Иоллос, Григорий Борисович

Поделись знанием:
Перейти к: навигация, поиск
Григорий Борисович Иоллос
Псевдонимы:

Бор-в, Гр.; Бор-ов, Гр.; Г.; Г.Б.; Г.И.; И.; И.Г.[1]

Дата рождения:

26 ноября 1859(1859-11-26)

Место рождения:

Кременчуг

Дата смерти:

14 марта 1907(1907-03-14) (47 лет)

Место смерти:

Москва

Гражданство:

Российская империя

Род деятельности:

публицист, общественный деятель, правозащитник

Годы творчества:

1886-1907

Язык произведений:

русский

Григорий Борисович Иоллос (Григорій Борисовичъ Іоллосъ; 1859—1907) — российский публицист и политический деятель, член I Государственной думы. Жертва террора правонационалистических сил России.





Биография

Родился в купеческой семье. Окончив Одесскую гимназию, слушал лекции в Киевском и Страсбургском университетах. Окончил же Гейдельбергский университет, в котором был удостоен степени доктора права. Затем сдал экзамены на юридическом факультете Санкт-петербургского университета и с 1886 года поселился в Москве. Стал секретарём Московского юридического общества; сотрудничал в «Русских Ведомостях» и иногда помещал статьи в «Юридическом Вестнике». Сдал в Московском университете магистерский экзамен и защитил диссертацию на степень магистра политической экономии, но «на пути к кафедре стояло еврейское происхождение». И в 1888 году он вновь уехал в Германию. С 1890 года жил в Берлине и был постоянным берлинским корреспондентом газеты «Русские ведомости»; его статьи публиковались также в «Вестнике Европы» (статьи по экономическим и политическим вопросам), «Русском богатстве», «Праве» и других. В 1904 году Иоллос издал свои «Письма из Берлина» отдельной книгой.

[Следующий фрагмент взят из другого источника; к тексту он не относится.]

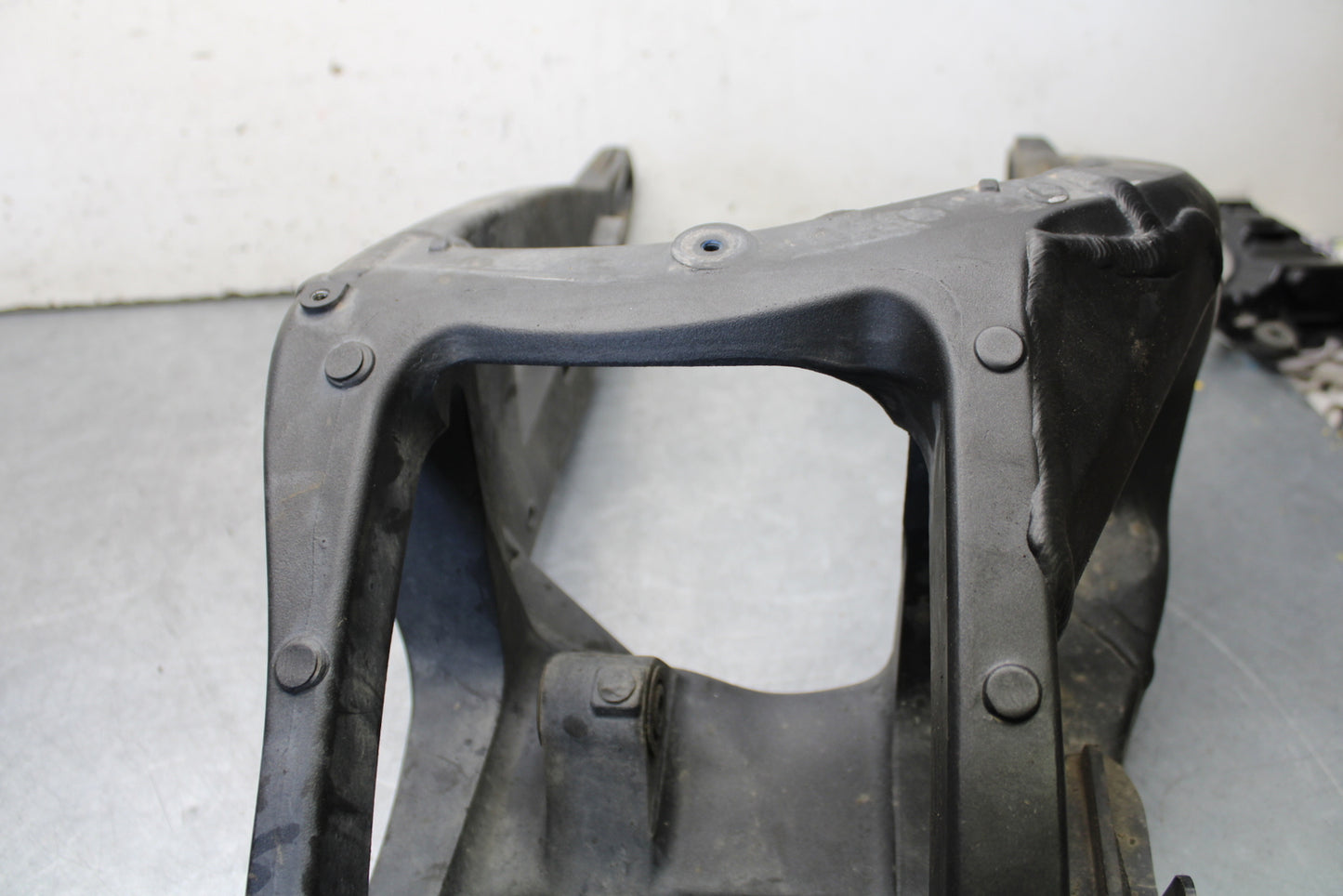 16 KAWASAKI NINJA ZX10R REAR SWINGARM BACK SUSPENSION 33001-0648 BB650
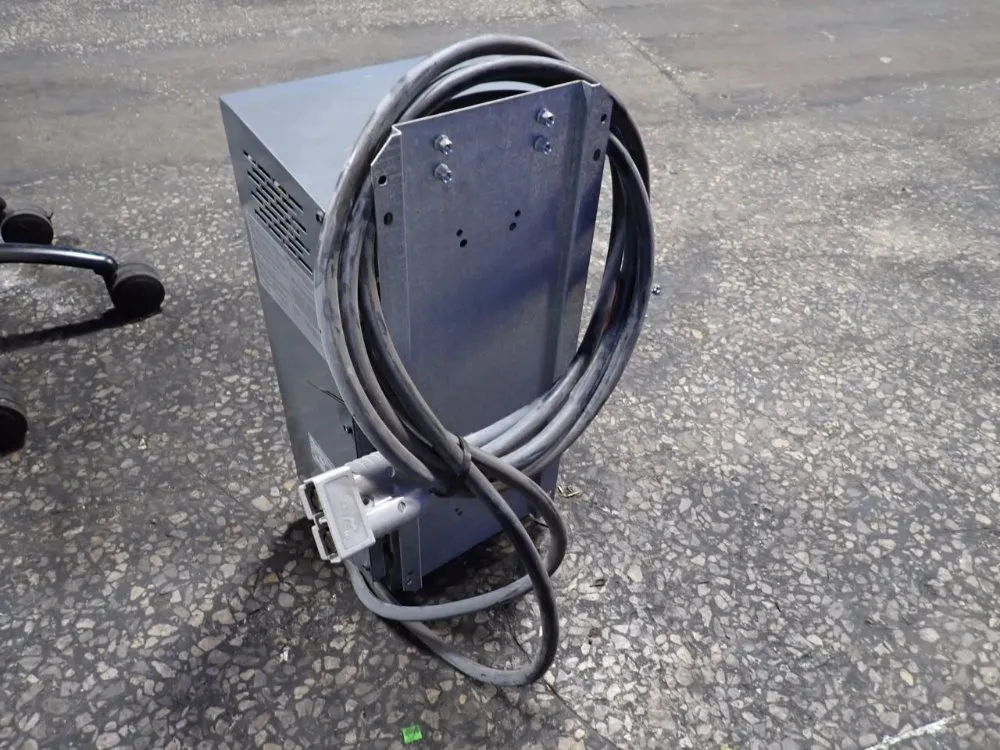 Gnb Industrial Power 140 Amps Battery Charger - Ehimv45h140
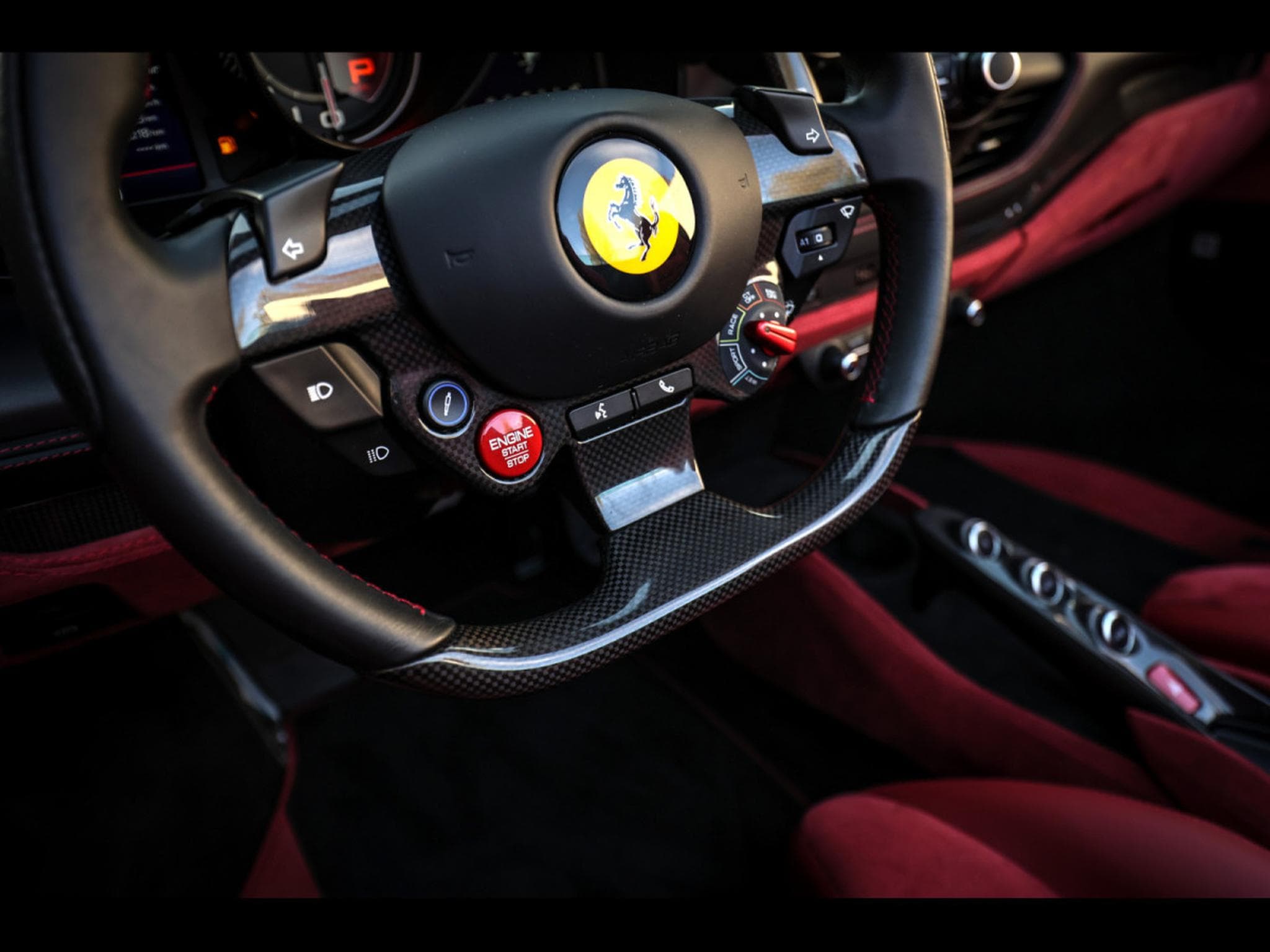 Ferrari F8 Spider 3.9 V8 (720 CH) - NERO B/B 1250 (4-LAYER PAINT EXTRAR (2023) - Photo 22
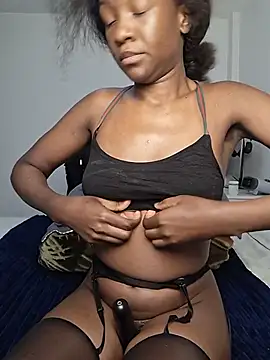 XXX chat uživo modela RosslynRivers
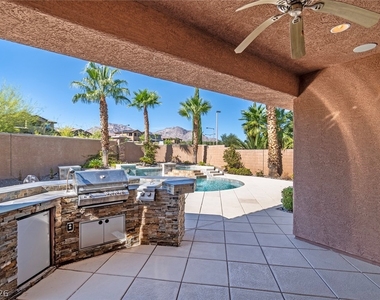 305 Corsicana Street - Photo Thumbnail 34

Характеризуя журналистскую методику Иоллоса, В. В. Водовозов отмечал, что он «был не из тех корреспондентов, которые заблаговременно узнают дипломатические тайны, проникают в канцелярии и прихожие министерств и успевают раньше других сообщать всякие сенсационные новости»; напротив, «Иоллос был учёным исследователем-историком живых событий; он старался не столько излагать внешние подробности событий, сколько объяснять их глубокие исторические причины; он уделял экономической стороне германской жизни не менее места, чем политической». В рамках своих корреспонденций Иоллос пропагандировал конституционные принципы, систематически излагая в них основные сведения по конституционному праву; эта пропаганда пробуждала «интерес к этой тогда ещё мало интересовавшей русское общество отрасли знания».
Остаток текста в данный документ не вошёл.